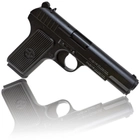 Стартовый пистолет ТТ SUR 33 black (ТТ - Тульский Токарев ANSAR 1071 ) с дополнительным магазином - изображение 1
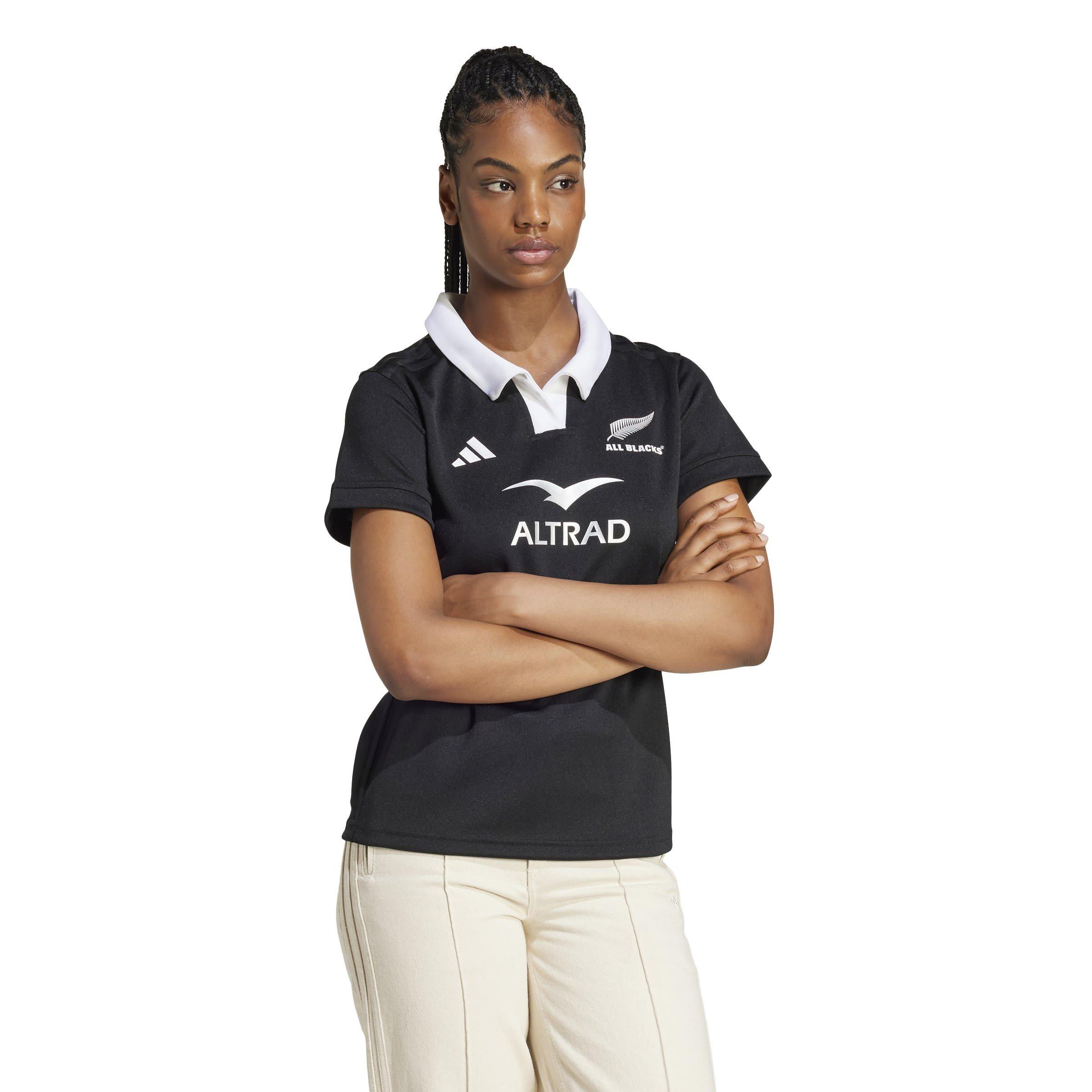 Zwart - adidas - All Blacks Home Shirt 2024 Womens - 5
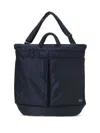 Porter-yoshida & Co Tanker 2way Helmet Tote Bag In Blue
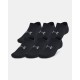 Under Armour Chaussettes Essential Invisible 6Pk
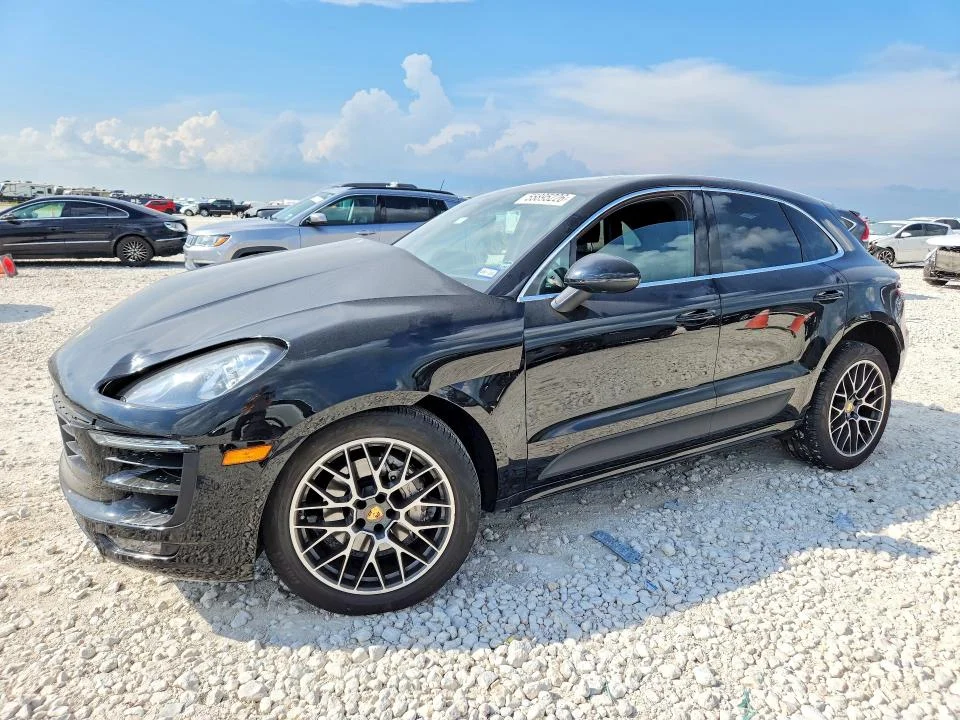 2015 Porsche Macan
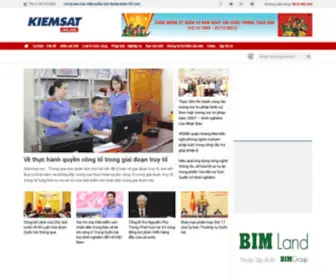 Kiemsat.vn(Trang nhất) Screenshot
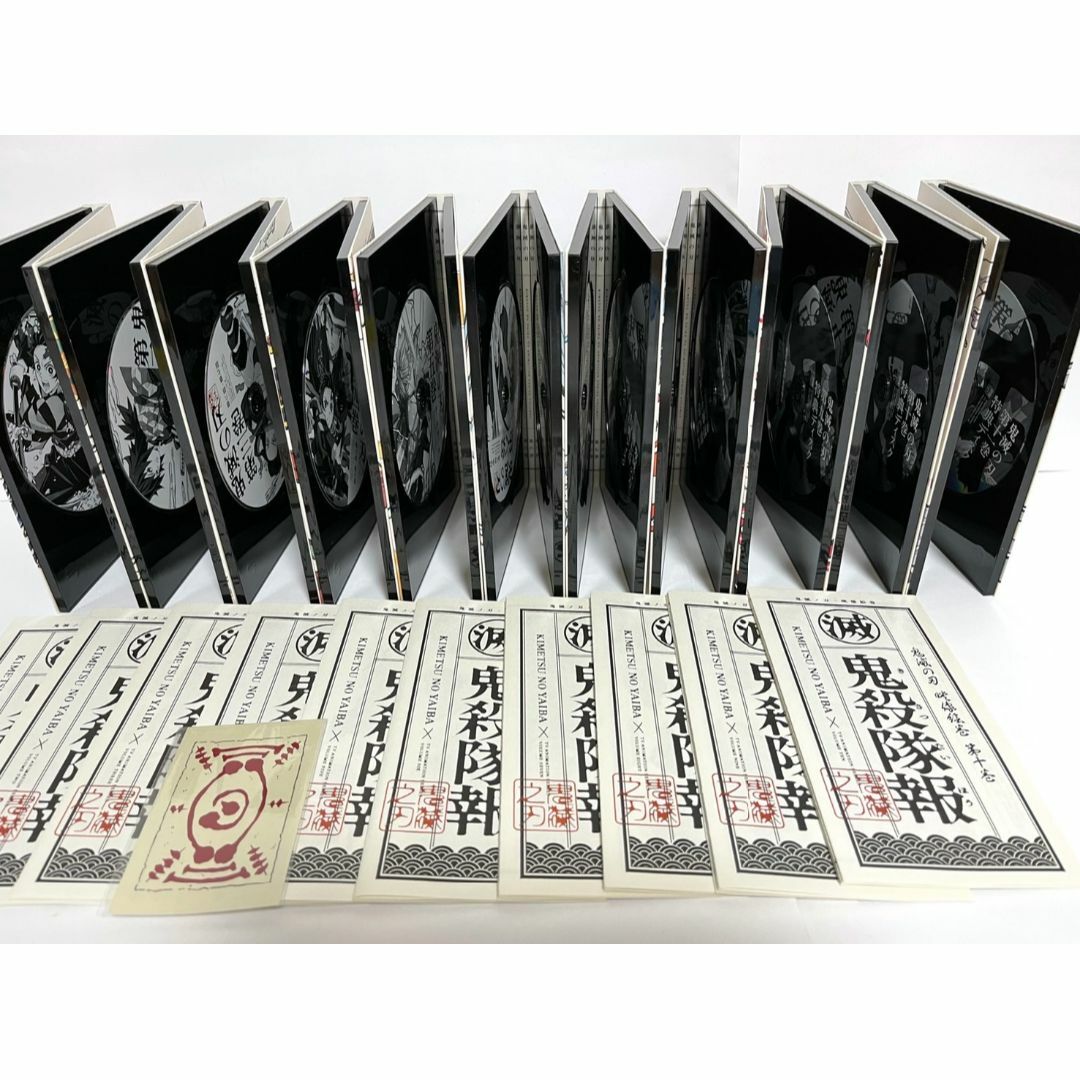 鬼滅の刃 DVD 1~11巻 完全生産限定版 全巻セット 鬼滅の刃 DVD 1~11巻 完全生産限定版 全巻セット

* * *

Task description: The line containing "Kiemsat.vn(Trang nhất) Screenshot" and all lines after it, through the last line of the records, should be returned exactly. Omit the pictures.

Answer for the task:
 Kiemsat.vn(Trang nhất) Screenshot
 鬼滅の刃 DVD 1~11巻 完全生産限定版 全巻セット 鬼滅の刃 DVD 1~11巻 完全生産限定版 全巻セット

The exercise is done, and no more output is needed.